## DATA EXCERPT:

---

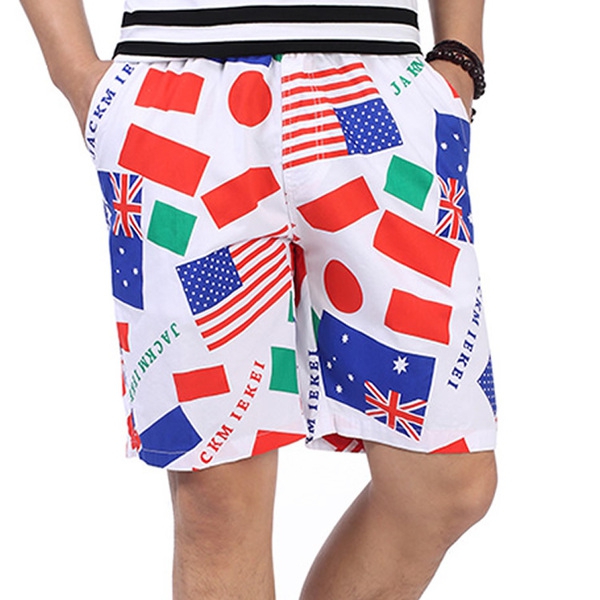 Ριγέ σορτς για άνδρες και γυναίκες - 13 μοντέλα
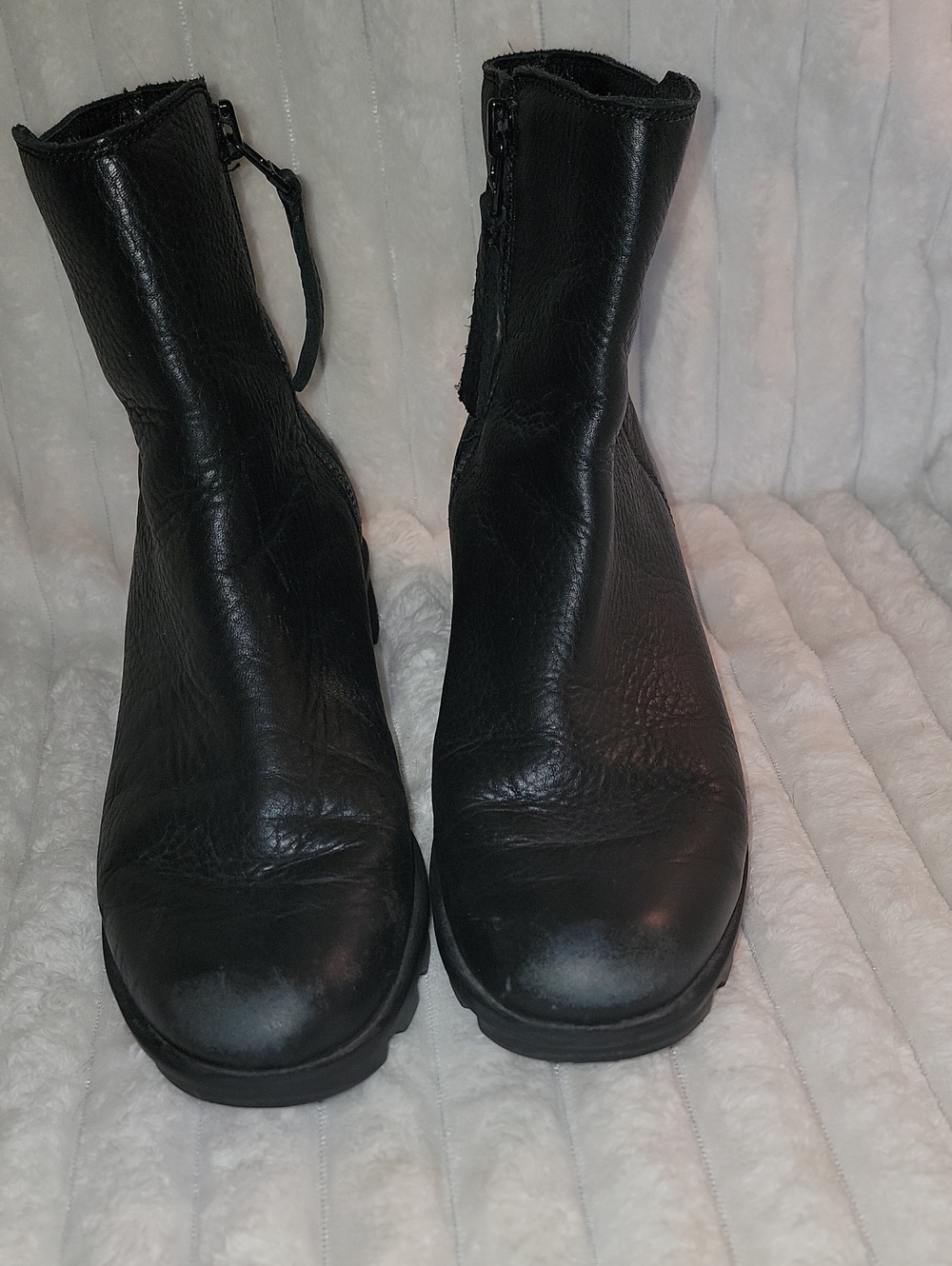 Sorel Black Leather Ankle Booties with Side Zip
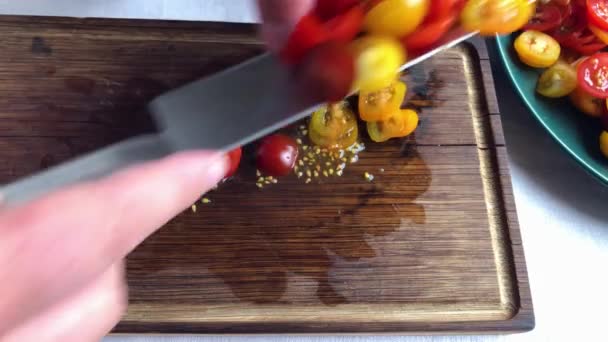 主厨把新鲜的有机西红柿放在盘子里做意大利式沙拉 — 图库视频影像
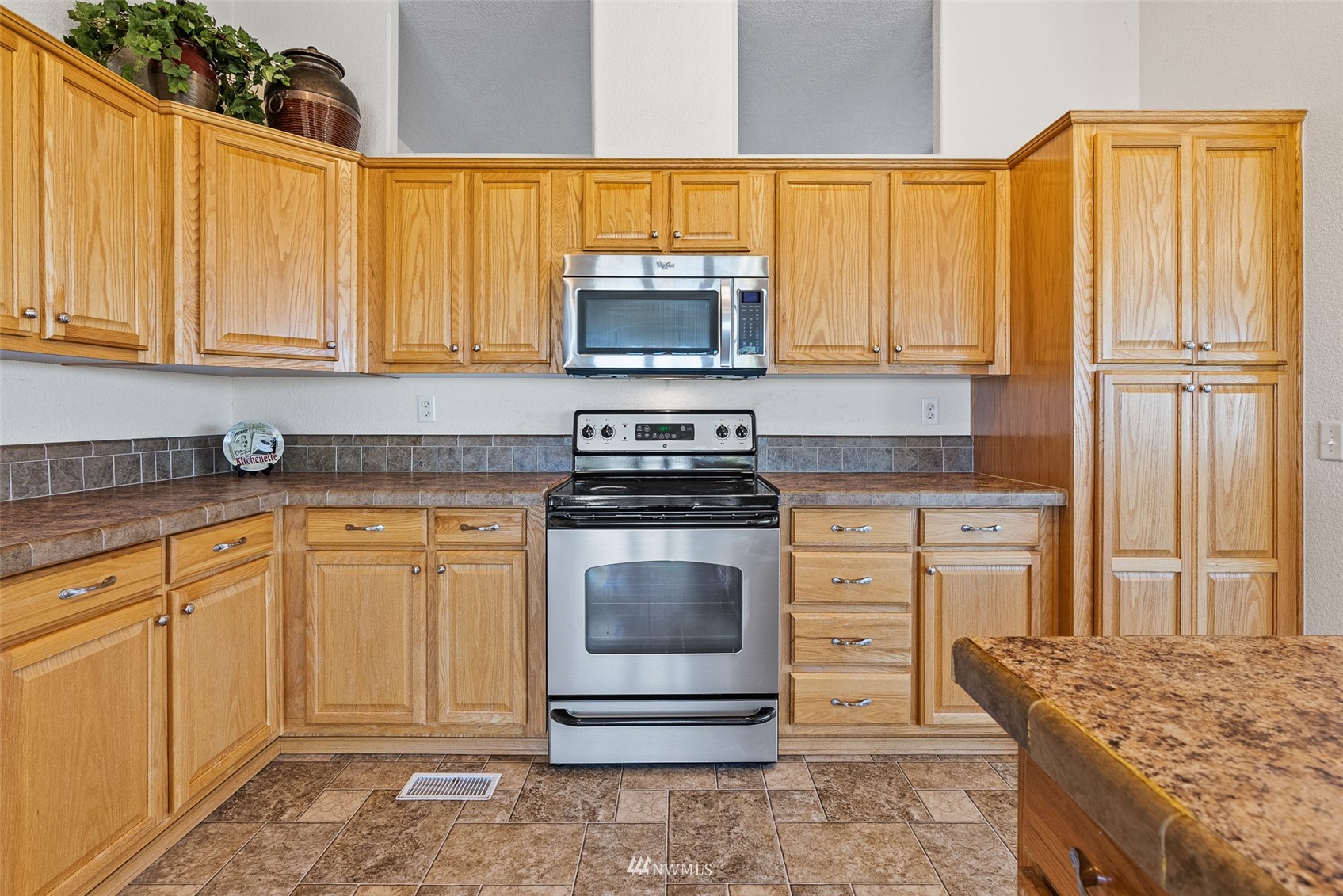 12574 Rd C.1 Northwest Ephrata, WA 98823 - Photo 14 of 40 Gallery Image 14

---

## WHAT IS EXPECTED:
A verbatim copy of the data, with all pictures omitted, is the required output.

## FINAL ANSWER:
 Ριγέ σορτς για άνδρες και γυναίκες - 13 μοντέλα
 Sorel Black Leather Ankle Booties with Side Zip
 主厨把新鲜的有机西红柿放在盘子里做意大利式沙拉 — 图库视频影像
 12574 Rd C.1 Northwest Ephrata, WA 98823 - Photo 14 of 40 Gallery Image 14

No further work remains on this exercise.